▸ **Problem details**:
What is needed is an exact copy of the lines in the listing below, from the one with "MIU MIU 시어링 카라 넥 퀼팅 집업 자켓 상품이미지2" up to and including the one with "Certified 2026 GMC", with no other lines.

▸ **Extracted material**:

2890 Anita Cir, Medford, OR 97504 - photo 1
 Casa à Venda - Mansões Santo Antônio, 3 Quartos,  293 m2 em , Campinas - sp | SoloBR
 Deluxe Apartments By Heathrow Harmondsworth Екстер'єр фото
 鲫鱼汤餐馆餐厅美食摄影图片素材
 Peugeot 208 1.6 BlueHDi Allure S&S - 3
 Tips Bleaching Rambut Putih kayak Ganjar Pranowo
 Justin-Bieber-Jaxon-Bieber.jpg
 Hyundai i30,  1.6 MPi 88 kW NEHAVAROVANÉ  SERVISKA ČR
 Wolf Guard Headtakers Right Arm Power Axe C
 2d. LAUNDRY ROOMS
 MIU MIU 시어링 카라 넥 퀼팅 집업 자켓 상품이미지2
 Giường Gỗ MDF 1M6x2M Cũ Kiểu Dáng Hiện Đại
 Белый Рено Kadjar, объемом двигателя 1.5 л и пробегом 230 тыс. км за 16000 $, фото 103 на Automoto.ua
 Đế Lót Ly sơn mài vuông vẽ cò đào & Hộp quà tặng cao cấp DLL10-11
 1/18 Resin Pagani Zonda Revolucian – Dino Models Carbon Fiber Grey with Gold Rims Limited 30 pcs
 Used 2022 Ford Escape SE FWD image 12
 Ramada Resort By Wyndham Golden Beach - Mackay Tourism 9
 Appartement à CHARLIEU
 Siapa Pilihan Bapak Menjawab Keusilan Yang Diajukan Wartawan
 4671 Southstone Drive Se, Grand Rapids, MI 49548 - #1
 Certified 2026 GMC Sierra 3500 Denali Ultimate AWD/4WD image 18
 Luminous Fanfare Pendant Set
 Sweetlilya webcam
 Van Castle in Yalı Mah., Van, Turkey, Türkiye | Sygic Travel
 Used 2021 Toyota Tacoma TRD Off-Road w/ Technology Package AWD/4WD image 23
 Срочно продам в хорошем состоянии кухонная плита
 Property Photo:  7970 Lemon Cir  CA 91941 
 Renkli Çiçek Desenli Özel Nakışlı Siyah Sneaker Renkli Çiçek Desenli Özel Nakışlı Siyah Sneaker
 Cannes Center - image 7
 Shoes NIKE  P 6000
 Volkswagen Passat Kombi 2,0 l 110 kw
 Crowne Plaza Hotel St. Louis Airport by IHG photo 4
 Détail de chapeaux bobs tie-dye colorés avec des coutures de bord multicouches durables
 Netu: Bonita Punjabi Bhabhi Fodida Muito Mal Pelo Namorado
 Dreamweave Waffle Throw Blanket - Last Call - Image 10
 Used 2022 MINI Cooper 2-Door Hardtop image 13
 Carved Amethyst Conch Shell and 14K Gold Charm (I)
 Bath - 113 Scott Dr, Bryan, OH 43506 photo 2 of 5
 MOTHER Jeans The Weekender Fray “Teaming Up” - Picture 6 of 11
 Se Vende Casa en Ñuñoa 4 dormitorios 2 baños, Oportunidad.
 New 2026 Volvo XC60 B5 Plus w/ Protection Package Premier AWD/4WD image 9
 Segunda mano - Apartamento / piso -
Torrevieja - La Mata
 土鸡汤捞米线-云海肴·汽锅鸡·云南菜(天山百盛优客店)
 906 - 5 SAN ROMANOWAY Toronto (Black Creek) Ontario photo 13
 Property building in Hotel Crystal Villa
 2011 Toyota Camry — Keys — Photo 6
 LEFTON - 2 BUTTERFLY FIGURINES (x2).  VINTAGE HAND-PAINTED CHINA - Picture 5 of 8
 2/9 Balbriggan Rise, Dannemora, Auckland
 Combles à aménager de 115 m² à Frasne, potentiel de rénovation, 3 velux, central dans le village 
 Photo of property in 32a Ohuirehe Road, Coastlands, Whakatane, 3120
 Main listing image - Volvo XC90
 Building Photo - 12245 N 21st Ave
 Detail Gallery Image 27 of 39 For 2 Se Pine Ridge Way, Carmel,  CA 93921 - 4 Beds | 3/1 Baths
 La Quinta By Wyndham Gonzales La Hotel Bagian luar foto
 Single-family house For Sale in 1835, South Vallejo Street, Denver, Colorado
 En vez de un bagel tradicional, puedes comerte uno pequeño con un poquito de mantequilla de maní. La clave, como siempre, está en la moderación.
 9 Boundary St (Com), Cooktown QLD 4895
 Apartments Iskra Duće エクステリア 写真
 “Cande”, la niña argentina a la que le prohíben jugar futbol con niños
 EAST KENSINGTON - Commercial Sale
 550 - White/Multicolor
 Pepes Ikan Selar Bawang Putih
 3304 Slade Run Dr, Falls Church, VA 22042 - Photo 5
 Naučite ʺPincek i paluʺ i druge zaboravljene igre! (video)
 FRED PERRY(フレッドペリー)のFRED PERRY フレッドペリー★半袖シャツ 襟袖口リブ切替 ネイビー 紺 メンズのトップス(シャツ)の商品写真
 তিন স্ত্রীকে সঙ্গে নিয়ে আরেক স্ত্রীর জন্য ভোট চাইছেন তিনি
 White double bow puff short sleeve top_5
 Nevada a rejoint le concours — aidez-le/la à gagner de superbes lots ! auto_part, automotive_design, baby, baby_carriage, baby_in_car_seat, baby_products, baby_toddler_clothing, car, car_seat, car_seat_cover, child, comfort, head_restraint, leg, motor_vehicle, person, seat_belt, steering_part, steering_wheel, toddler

▸ **Output below**:
 MIU MIU 시어링 카라 넥 퀼팅 집업 자켓 상품이미지2
 Giường Gỗ MDF 1M6x2M Cũ Kiểu Dáng Hiện Đại
 Белый Рено Kadjar, объемом двигателя 1.5 л и пробегом 230 тыс. км за 16000 $, фото 103 на Automoto.ua
 Đế Lót Ly sơn mài vuông vẽ cò đào & Hộp quà tặng cao cấp DLL10-11
 1/18 Resin Pagani Zonda Revolucian – Dino Models Carbon Fiber Grey with Gold Rims Limited 30 pcs
 Used 2022 Ford Escape SE FWD image 12
 Ramada Resort By Wyndham Golden Beach - Mackay Tourism 9
 Appartement à CHARLIEU
 Siapa Pilihan Bapak Menjawab Keusilan Yang Diajukan Wartawan
 4671 Southstone Drive Se, Grand Rapids, MI 49548 - #1
 Certified 2026 GMC Sierra 3500 Denali Ultimate AWD/4WD image 18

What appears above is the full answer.